DATA TO PROCESS:
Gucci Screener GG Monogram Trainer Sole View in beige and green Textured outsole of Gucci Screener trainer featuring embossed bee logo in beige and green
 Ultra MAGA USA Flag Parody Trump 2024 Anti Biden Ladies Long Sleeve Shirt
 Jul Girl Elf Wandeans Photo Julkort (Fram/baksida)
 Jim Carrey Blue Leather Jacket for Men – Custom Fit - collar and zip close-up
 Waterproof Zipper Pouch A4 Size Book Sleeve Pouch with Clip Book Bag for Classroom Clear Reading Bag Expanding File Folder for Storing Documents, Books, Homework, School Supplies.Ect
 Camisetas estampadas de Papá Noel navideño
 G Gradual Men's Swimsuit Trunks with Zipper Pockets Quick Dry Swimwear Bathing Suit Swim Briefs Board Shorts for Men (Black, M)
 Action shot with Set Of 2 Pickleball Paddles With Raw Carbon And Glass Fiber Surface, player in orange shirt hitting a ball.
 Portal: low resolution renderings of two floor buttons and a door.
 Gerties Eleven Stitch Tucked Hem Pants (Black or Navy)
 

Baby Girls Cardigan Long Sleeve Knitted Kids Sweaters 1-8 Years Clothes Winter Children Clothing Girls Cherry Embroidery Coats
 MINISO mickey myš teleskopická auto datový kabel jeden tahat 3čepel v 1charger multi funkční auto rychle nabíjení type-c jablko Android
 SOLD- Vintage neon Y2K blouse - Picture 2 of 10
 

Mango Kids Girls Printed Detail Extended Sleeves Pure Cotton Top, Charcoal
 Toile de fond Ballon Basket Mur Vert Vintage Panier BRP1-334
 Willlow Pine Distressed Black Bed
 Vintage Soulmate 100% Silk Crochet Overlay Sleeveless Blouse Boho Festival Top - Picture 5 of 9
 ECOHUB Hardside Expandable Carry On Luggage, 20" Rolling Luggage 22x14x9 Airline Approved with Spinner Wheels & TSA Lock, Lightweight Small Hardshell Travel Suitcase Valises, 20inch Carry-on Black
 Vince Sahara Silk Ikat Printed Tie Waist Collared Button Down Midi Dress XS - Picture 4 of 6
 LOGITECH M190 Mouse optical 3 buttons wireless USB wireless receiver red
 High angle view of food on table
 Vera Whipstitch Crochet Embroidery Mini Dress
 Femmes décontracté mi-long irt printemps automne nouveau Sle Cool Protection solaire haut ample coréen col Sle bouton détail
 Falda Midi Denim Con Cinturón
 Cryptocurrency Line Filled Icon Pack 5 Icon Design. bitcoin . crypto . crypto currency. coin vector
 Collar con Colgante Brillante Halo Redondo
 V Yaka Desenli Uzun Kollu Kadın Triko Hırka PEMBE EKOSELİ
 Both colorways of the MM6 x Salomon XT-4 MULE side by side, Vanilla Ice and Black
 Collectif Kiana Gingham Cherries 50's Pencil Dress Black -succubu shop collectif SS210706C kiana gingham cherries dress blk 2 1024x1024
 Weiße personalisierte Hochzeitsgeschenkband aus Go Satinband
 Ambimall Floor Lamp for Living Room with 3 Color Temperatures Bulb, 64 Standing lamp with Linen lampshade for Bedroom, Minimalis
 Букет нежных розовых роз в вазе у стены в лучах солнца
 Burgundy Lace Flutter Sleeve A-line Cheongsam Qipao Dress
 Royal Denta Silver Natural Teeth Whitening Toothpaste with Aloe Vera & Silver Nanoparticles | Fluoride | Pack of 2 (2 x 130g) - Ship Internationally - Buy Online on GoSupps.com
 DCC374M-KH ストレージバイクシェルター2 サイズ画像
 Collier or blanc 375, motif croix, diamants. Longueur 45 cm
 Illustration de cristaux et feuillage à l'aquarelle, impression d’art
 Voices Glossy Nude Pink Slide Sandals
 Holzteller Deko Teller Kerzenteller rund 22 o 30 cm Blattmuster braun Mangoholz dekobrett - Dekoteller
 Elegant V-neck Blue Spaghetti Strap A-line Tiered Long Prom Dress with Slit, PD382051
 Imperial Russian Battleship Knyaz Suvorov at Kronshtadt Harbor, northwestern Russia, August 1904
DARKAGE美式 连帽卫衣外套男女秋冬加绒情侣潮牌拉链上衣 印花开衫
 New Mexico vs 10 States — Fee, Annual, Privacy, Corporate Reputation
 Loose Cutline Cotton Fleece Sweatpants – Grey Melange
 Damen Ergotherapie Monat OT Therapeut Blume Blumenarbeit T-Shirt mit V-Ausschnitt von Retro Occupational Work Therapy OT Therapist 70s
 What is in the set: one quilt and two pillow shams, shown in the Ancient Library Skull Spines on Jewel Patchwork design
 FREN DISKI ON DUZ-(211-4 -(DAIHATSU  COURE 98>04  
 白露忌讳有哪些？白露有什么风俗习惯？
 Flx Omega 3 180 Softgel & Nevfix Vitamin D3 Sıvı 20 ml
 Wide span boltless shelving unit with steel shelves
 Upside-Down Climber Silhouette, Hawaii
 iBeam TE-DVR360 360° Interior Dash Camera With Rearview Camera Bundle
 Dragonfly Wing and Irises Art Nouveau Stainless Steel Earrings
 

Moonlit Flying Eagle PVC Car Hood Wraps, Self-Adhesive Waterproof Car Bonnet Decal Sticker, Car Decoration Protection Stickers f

DIRECTIONS: Keeping every line exactly as it is, retype the listing.

EXERCISE RESPONSE:
Gucci Screener GG Monogram Trainer Sole View in beige and green Textured outsole of Gucci Screener trainer featuring embossed bee logo in beige and green
 Ultra MAGA USA Flag Parody Trump 2024 Anti Biden Ladies Long Sleeve Shirt
 Jul Girl Elf Wandeans Photo Julkort (Fram/baksida)
 Jim Carrey Blue Leather Jacket for Men – Custom Fit - collar and zip close-up
 Waterproof Zipper Pouch A4 Size Book Sleeve Pouch with Clip Book Bag for Classroom Clear Reading Bag Expanding File Folder for Storing Documents, Books, Homework, School Supplies.Ect
 Camisetas estampadas de Papá Noel navideño
 G Gradual Men's Swimsuit Trunks with Zipper Pockets Quick Dry Swimwear Bathing Suit Swim Briefs Board Shorts for Men (Black, M)
 Action shot with Set Of 2 Pickleball Paddles With Raw Carbon And Glass Fiber Surface, player in orange shirt hitting a ball.
 Portal: low resolution renderings of two floor buttons and a door.
 Gerties Eleven Stitch Tucked Hem Pants (Black or Navy)
 

Baby Girls Cardigan Long Sleeve Knitted Kids Sweaters 1-8 Years Clothes Winter Children Clothing Girls Cherry Embroidery Coats
 MINISO mickey myš teleskopická auto datový kabel jeden tahat 3čepel v 1charger multi funkční auto rychle nabíjení type-c jablko Android
 SOLD- Vintage neon Y2K blouse - Picture 2 of 10
 

Mango Kids Girls Printed Detail Extended Sleeves Pure Cotton Top, Charcoal
 Toile de fond Ballon Basket Mur Vert Vintage Panier BRP1-334
 Willlow Pine Distressed Black Bed
 Vintage Soulmate 100% Silk Crochet Overlay Sleeveless Blouse Boho Festival Top - Picture 5 of 9
 ECOHUB Hardside Expandable Carry On Luggage, 20" Rolling Luggage 22x14x9 Airline Approved with Spinner Wheels & TSA Lock, Lightweight Small Hardshell Travel Suitcase Valises, 20inch Carry-on Black
 Vince Sahara Silk Ikat Printed Tie Waist Collared Button Down Midi Dress XS - Picture 4 of 6
 LOGITECH M190 Mouse optical 3 buttons wireless USB wireless receiver red
 High angle view of food on table
 Vera Whipstitch Crochet Embroidery Mini Dress
 Femmes décontracté mi-long irt printemps automne nouveau Sle Cool Protection solaire haut ample coréen col Sle bouton détail
 Falda Midi Denim Con Cinturón
 Cryptocurrency Line Filled Icon Pack 5 Icon Design. bitcoin . crypto . crypto currency. coin vector
 Collar con Colgante Brillante Halo Redondo
 V Yaka Desenli Uzun Kollu Kadın Triko Hırka PEMBE EKOSELİ
 Both colorways of the MM6 x Salomon XT-4 MULE side by side, Vanilla Ice and Black
 Collectif Kiana Gingham Cherries 50's Pencil Dress Black -succubu shop collectif SS210706C kiana gingham cherries dress blk 2 1024x1024
 Weiße personalisierte Hochzeitsgeschenkband aus Go Satinband
 Ambimall Floor Lamp for Living Room with 3 Color Temperatures Bulb, 64 Standing lamp with Linen lampshade for Bedroom, Minimalis
 Букет нежных розовых роз в вазе у стены в лучах солнца
 Burgundy Lace Flutter Sleeve A-line Cheongsam Qipao Dress
 Royal Denta Silver Natural Teeth Whitening Toothpaste with Aloe Vera & Silver Nanoparticles | Fluoride | Pack of 2 (2 x 130g) - Ship Internationally - Buy Online on GoSupps.com
 DCC374M-KH ストレージバイクシェルター2 サイズ画像
 Collier or blanc 375, motif croix, diamants. Longueur 45 cm
 Illustration de cristaux et feuillage à l'aquarelle, impression d’art
 Voices Glossy Nude Pink Slide Sandals
 Holzteller Deko Teller Kerzenteller rund 22 o 30 cm Blattmuster braun Mangoholz dekobrett - Dekoteller
 Elegant V-neck Blue Spaghetti Strap A-line Tiered Long Prom Dress with Slit, PD382051
 Imperial Russian Battleship Knyaz Suvorov at Kronshtadt Harbor, northwestern Russia, August 1904
DARKAGE美式 连帽卫衣外套男女秋冬加绒情侣潮牌拉链上衣 印花开衫
 New Mexico vs 10 States — Fee, Annual, Privacy, Corporate Reputation
 Loose Cutline Cotton Fleece Sweatpants – Grey Melange
 Damen Ergotherapie Monat OT Therapeut Blume Blumenarbeit T-Shirt mit V-Ausschnitt von Retro Occupational Work Therapy OT Therapist 70s
 What is in the set: one quilt and two pillow shams, shown in the Ancient Library Skull Spines on Jewel Patchwork design
 FREN DISKI ON DUZ-(211-4 -(DAIHATSU  COURE 98>04  
 白露忌讳有哪些？白露有什么风俗习惯？
 Flx Omega 3 180 Softgel & Nevfix Vitamin D3 Sıvı 20 ml
 Wide span boltless shelving unit with steel shelves
 Upside-Down Climber Silhouette, Hawaii
 iBeam TE-DVR360 360° Interior Dash Camera With Rearview Camera Bundle
 Dragonfly Wing and Irises Art Nouveau Stainless Steel Earrings
 

Moonlit Flying Eagle PVC Car Hood Wraps, Self-Adhesive Waterproof Car Bonnet Decal Sticker, Car Decoration Protection Stickers f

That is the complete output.